● TASK TO CARRY OUT: Without including any pictures, give back all of the data exactly.

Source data
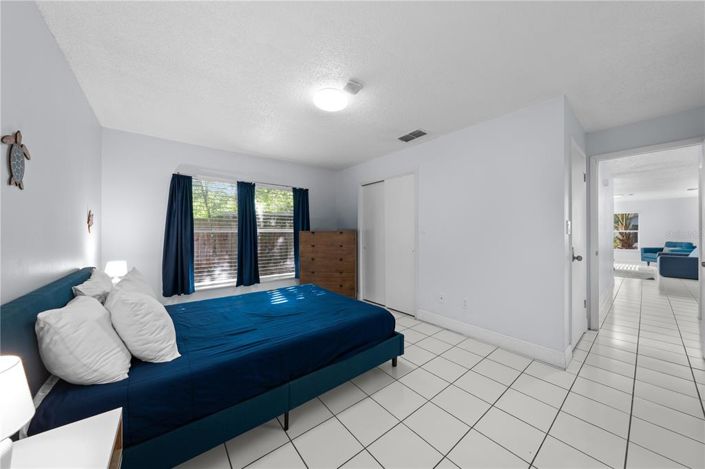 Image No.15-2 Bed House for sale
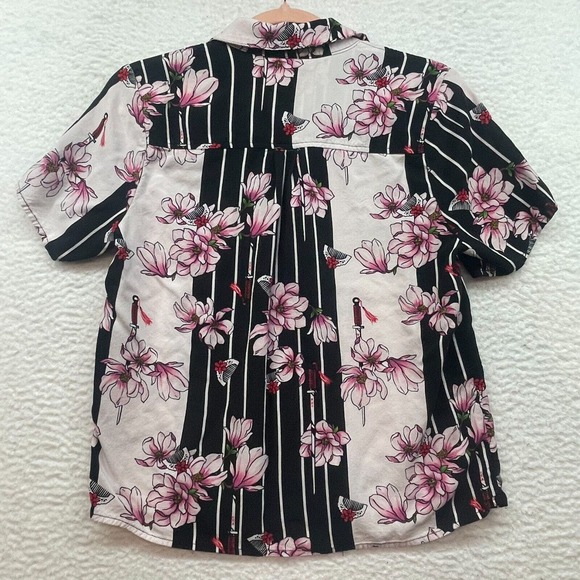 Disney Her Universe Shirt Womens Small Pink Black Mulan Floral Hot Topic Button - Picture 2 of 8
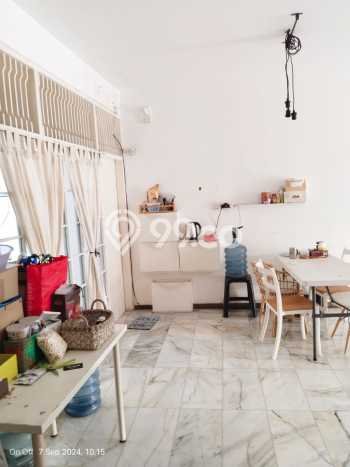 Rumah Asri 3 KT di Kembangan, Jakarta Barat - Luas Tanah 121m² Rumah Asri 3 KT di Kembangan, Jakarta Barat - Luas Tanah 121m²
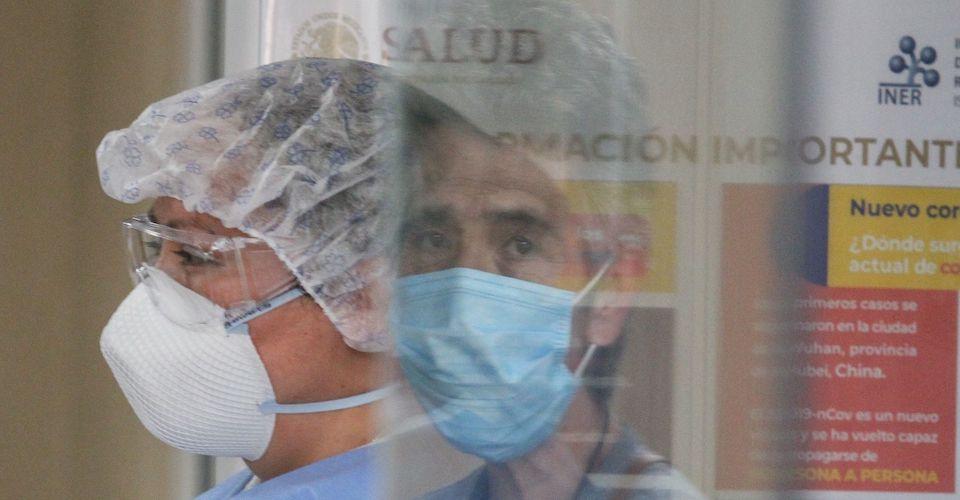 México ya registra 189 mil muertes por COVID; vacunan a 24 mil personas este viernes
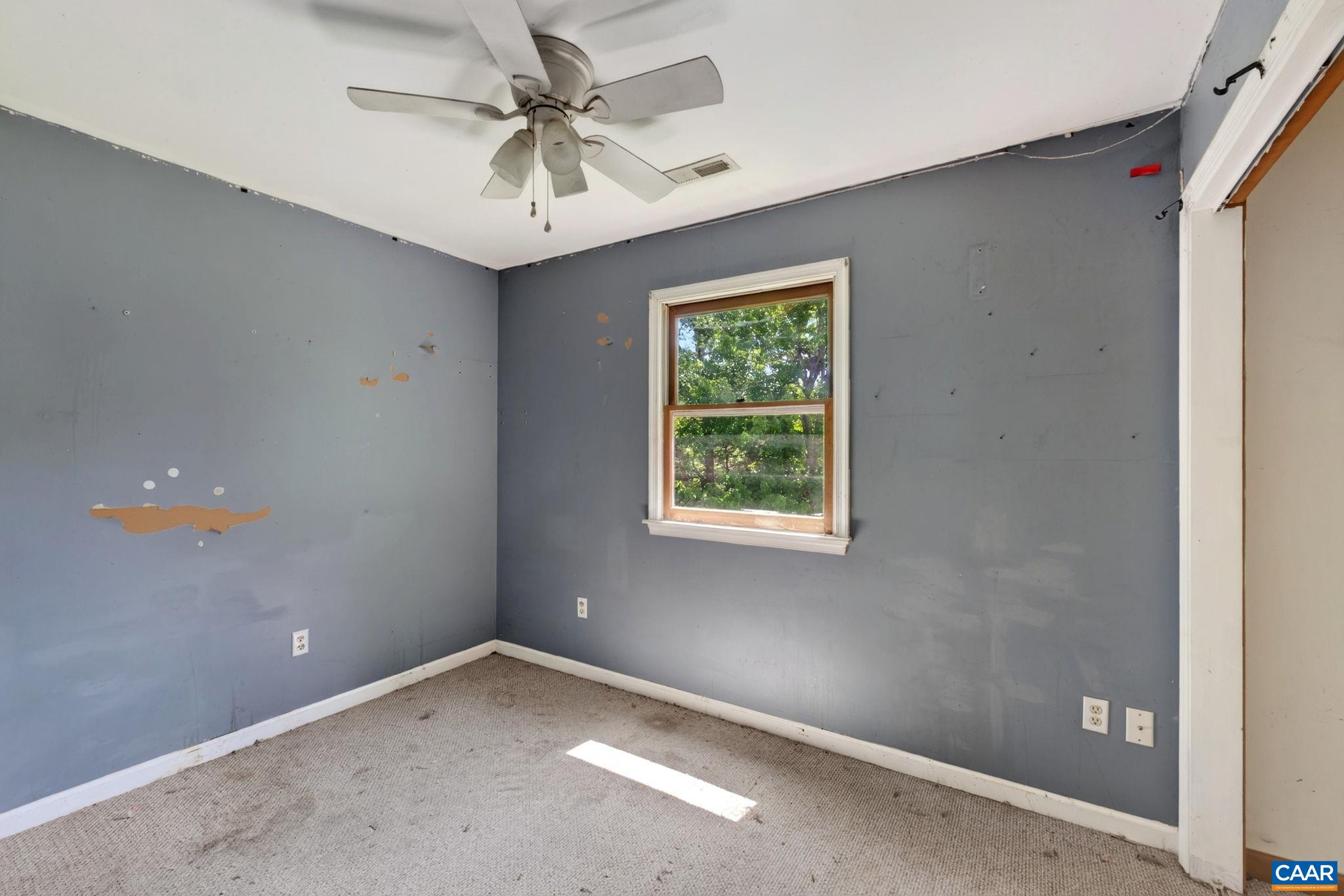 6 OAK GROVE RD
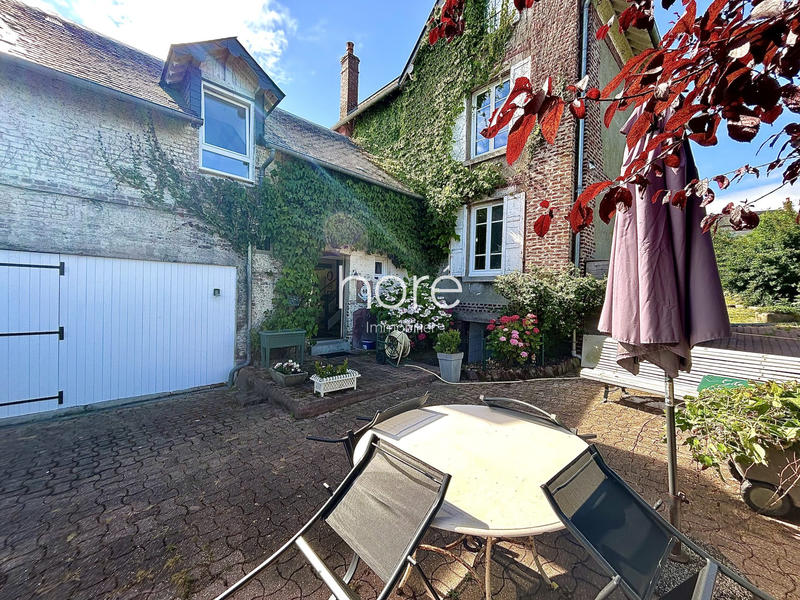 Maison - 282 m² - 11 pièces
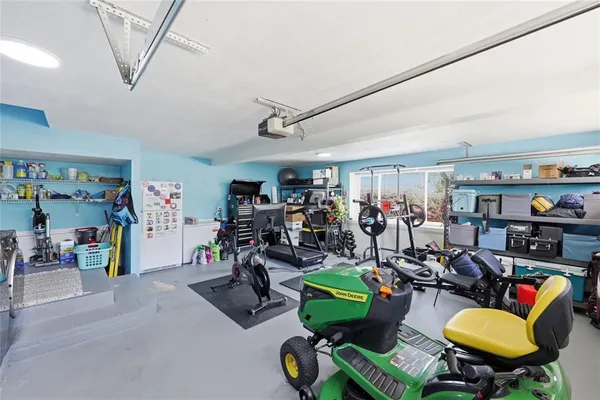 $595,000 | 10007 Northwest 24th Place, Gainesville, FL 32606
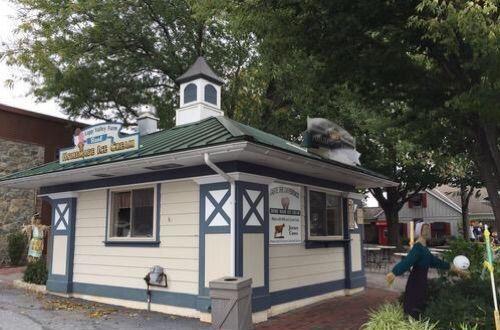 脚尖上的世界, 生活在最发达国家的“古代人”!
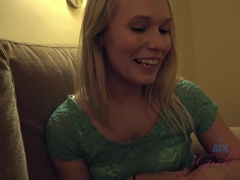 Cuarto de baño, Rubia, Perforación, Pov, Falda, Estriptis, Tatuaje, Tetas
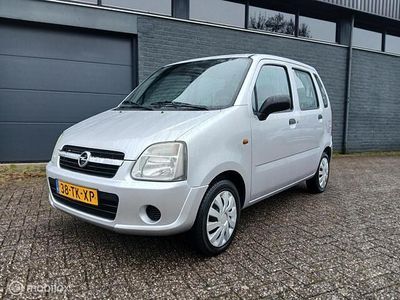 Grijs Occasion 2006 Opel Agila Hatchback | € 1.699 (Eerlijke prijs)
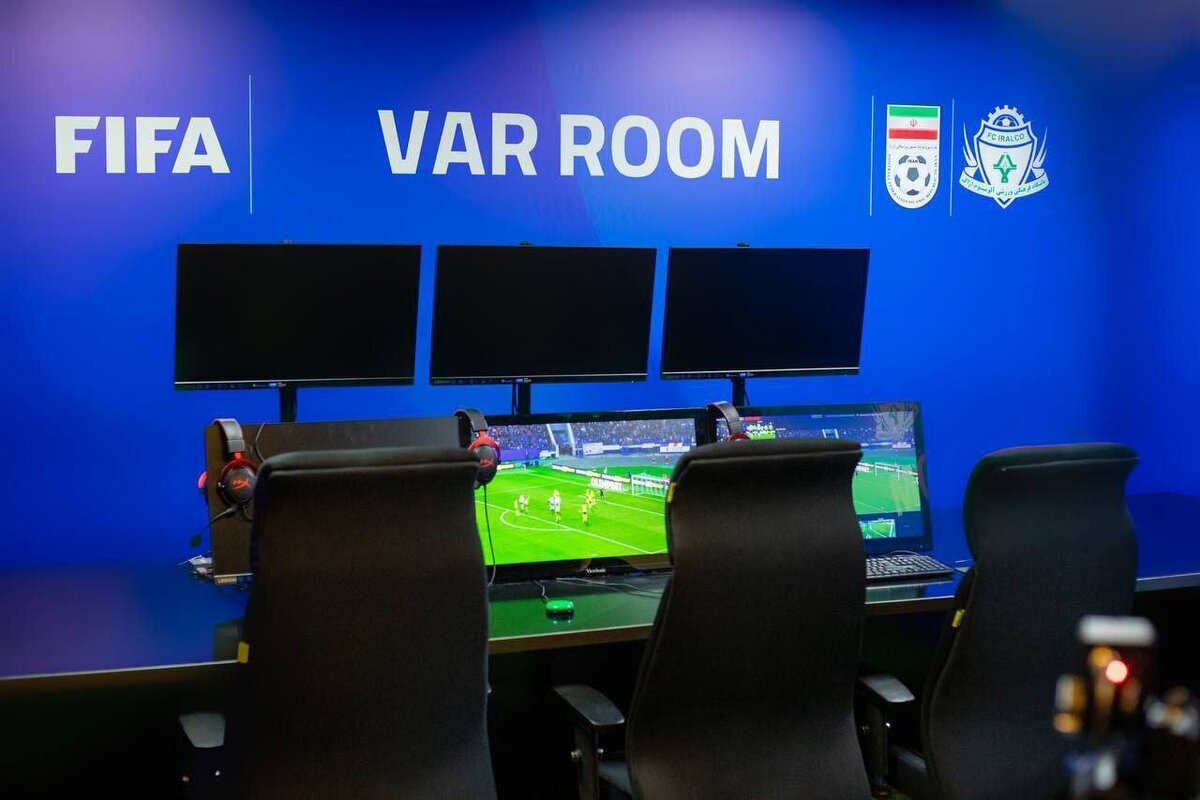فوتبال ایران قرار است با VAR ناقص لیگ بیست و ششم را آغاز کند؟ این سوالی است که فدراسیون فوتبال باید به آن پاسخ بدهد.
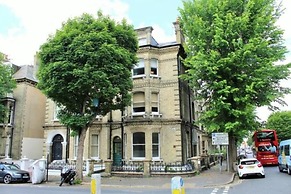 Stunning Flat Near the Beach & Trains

● ANSWER TO THIS PROBLEM:
 Image No.15-2 Bed House for sale
 Disney Her Universe Shirt Womens Small Pink Black Mulan Floral Hot Topic Button - Picture 2 of 8
 Rumah Asri 3 KT di Kembangan, Jakarta Barat - Luas Tanah 121m² Rumah Asri 3 KT di Kembangan, Jakarta Barat - Luas Tanah 121m²
 México ya registra 189 mil muertes por COVID; vacunan a 24 mil personas este viernes
 6 OAK GROVE RD
 Maison - 282 m² - 11 pièces
 $595,000 | 10007 Northwest 24th Place, Gainesville, FL 32606
 脚尖上的世界, 生活在最发达国家的“古代人”!
 Cuarto de baño, Rubia, Perforación, Pov, Falda, Estriptis, Tatuaje, Tetas
 Grijs Occasion 2006 Opel Agila Hatchback | € 1.699 (Eerlijke prijs)
فوتبال ایران قرار است با VAR ناقص لیگ بیست و ششم را آغاز کند؟ این سوالی است که فدراسیون فوتبال باید به آن پاسخ بدهد.
 Stunning Flat Near the Beach & Trains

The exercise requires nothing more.